SG: It was one of the songs that even in demo form had an immediate impact on us all. Instrumentally it was really catchy, fast, and hard-hitting in comparison to our other material. Once we started getting lyrics though, the song took on a real meaning for us. We’ve all dealt with loss in our lives, whether it’s a family pet, a mother, or relatives. This song enables us to vent a little bit of that and hopefully other listeners can too.

MMM: “Descend Into Winter” is one that seems to have a grasp of the nature theme. First words on the album are, “Here comes the snow.” Is winter a time from which you draw a lot of creativity? If so, what is it about that time of year?

TS: I love the aesthetic of winter.  Being outside late at night during snowfall is one of my favorite things, and the serenity of it gives me a lot of inspiration.  Also, it’s super kvlt.

MMM: “From a Whisper” is going to be primarily a Bandcamp and limited physical release to start, is that right? Are you looking into doing something wider as far as physical release?
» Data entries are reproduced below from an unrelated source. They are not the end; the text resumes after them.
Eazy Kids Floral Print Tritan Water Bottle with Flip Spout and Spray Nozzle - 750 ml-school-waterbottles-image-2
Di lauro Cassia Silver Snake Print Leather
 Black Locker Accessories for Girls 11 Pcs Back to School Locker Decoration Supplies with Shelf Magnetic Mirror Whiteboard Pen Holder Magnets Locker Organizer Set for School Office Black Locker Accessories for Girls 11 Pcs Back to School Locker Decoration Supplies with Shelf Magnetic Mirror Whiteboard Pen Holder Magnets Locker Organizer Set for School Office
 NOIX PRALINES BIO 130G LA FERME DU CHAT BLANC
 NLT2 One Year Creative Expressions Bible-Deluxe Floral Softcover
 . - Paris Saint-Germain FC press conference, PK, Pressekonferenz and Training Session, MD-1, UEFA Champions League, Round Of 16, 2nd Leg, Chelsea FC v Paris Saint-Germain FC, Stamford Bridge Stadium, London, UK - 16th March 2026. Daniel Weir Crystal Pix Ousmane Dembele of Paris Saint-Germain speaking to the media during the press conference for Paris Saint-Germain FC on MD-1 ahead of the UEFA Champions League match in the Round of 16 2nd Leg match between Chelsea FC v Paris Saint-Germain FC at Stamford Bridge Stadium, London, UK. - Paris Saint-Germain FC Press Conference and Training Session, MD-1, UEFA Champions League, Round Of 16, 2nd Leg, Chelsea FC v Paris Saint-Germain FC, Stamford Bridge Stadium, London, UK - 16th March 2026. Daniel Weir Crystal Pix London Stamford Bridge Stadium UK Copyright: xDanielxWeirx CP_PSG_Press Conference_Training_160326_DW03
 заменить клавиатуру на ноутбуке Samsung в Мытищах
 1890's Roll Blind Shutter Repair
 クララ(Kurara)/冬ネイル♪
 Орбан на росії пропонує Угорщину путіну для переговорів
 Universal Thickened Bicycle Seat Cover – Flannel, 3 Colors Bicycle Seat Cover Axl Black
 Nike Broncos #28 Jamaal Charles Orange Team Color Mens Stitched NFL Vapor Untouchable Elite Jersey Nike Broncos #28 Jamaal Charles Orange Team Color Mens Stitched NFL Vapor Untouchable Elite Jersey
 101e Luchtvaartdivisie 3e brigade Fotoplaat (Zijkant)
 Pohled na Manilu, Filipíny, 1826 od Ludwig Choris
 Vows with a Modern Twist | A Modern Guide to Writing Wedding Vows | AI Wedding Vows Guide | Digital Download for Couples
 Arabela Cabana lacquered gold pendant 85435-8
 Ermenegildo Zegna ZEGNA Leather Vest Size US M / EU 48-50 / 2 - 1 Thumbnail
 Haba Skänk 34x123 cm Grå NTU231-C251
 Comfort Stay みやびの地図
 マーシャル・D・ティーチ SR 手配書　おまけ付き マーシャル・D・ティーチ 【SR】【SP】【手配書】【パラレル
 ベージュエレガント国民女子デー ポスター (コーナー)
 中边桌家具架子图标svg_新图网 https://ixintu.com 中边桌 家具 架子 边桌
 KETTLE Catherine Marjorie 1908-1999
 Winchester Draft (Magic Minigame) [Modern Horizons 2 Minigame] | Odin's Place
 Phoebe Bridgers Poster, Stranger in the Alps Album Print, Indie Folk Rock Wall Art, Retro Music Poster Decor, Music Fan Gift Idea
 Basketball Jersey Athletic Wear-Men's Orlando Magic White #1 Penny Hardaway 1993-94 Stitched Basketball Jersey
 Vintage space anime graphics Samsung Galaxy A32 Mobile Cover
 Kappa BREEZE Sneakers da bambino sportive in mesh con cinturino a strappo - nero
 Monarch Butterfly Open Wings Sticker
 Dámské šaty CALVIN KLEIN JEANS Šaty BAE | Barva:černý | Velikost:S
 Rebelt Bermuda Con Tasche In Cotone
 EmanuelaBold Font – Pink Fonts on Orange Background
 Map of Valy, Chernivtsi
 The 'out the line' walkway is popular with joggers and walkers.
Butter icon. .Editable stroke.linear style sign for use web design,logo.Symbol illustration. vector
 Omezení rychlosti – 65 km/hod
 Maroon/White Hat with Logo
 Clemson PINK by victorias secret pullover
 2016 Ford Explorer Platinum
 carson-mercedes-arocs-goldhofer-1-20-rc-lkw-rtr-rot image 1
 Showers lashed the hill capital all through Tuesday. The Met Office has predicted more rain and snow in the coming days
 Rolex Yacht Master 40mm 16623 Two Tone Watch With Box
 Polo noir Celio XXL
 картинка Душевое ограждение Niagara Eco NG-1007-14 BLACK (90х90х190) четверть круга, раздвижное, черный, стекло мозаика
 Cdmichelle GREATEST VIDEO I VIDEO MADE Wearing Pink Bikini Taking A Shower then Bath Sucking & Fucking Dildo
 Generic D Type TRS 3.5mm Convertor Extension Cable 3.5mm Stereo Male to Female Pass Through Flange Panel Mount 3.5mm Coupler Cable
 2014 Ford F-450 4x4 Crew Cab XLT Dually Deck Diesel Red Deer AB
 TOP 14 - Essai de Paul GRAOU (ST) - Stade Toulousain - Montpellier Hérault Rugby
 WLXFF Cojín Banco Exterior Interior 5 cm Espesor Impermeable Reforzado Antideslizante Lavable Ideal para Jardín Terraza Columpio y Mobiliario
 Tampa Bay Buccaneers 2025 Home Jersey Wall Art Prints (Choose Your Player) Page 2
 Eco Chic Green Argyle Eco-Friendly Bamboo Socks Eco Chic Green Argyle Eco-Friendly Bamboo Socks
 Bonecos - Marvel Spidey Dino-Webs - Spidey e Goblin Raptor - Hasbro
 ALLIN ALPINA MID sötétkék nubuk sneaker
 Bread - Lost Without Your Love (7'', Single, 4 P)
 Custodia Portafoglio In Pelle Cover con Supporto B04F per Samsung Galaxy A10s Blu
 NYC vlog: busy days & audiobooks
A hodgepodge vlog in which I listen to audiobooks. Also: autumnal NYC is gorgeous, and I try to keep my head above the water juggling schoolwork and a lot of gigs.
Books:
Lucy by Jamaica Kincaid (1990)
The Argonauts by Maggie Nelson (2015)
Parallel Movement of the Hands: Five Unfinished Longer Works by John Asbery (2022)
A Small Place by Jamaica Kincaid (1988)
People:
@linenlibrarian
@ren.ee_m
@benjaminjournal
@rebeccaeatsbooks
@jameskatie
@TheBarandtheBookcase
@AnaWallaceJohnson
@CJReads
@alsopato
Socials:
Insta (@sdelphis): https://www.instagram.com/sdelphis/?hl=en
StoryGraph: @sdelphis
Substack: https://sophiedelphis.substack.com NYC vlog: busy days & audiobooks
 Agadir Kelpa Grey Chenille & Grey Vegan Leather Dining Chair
SG: In a perfect world where money isn’t an issue, we would’ve released on just about every physical platform out there. CD, vinyl, cassette, whatever. Whether we branch out from here depends on the label and how well this album takes off. If there’s demand for it and we have some cash, we’ll absolutely be on board for broader releases across more media in the future.

MMM: Are there any plans to tour for this album? If so, are you looking at regional stuff, or do you plan to tour the country?

SS: It’s something we want to do, but we want to do it right.  It’s not on the top of our priority list, and there’s still a lot of things that need to happen before we get a live act together.  We want our live performance to be just as polished as our recordings.  To add to that, Oak Pantheon still isn’t a full band yet.  Once we find a drummer that we think fits in with Oak Pantheon, we’ll try our hardest to play some shows.